Wenda Douthwaite, 77, and her three friends were left “gobsmacked” when they were each dealt the hand during a game last month. Mathematicians say the odds of each player being dealt a complete suit in the first hand of whist are a jaw-dropping 2,235,197,406,895,366, 368,301,559,999 to one.
Following suit
The staggering 28-digit figure is the equivalent odds of a person finding a specific drop of water in the Pacific Ocean. Wenda, from Kineton, Warks., who has attended whist drives for 50 years, said: “I was gobsmacked. We’ve never seen anything like it before. “Everything was done as usual. The cards were shuffled, cut and dealt as normal but that was the only thing that was normal. “And it was the first game of the night as well. As soon as I picked up my cards I saw I had a complete set of spades. “They were not in order but they were all there. It was amazing. Suddenly someone around the table said they’d got a complete suit too. “We compared cards and were totally shocked when one of us had all the hearts, another had the diamonds, another had the clubs and I had the spades.
Cards on the table
“I was shaking when we lay the cards down on the table. “I think the expression is gobsmacked. It’s just a pity the Guinness Book of Records wasn’t there to witness it.” The once-in-a-lifetime hand came as when Wenda and her friends attended their weekly whist drive in the village hall. Moments after the players turned over their 13 cards they discovered they all had complete suits.
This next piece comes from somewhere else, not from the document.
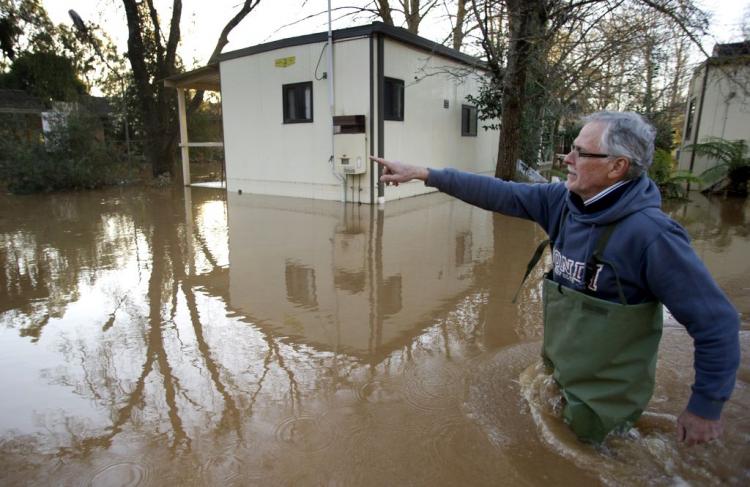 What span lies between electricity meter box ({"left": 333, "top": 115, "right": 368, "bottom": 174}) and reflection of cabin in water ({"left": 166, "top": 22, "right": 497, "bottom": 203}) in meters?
0.02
Whist, which is played by four players in two teams, dates back to the 17th Century. Each player is dealt 13 cards and competes to win ‘tricks’. Players try to play cards which follow suit with the highest ranking card or ‘trump’ to win the hand. Norman Stone, 77, who was also playing in the hand, said: “It was absolutely amazing and will never happen again. “In 50 years of playing cards I’ve never seen anything like it.”
Wenda, a retired tea room manager with the National Trust, lives with her husband Brian, 77, a retired farmer.
Against the odds
Brian said: “Wenda has played whist since she was a little girl and this has never happened before. “I would doubt it’ll ever happen again.” Dr Alexander Mijatovic, a probability expert at Warwick University, said: “The chances of this happening are so humongous that it is almost impossible.
“The event can only be compared to natural occurrences. “It would be the same as a person having a tiny drop of water and then finding that same drop of water in the Pacific Ocean. “I would question whether the cards were shuffled the correct number of times but if they were, and the people involved are sure they were, then it is probably safe to say this is the first time this hand has ever been dealt in the history of the game.”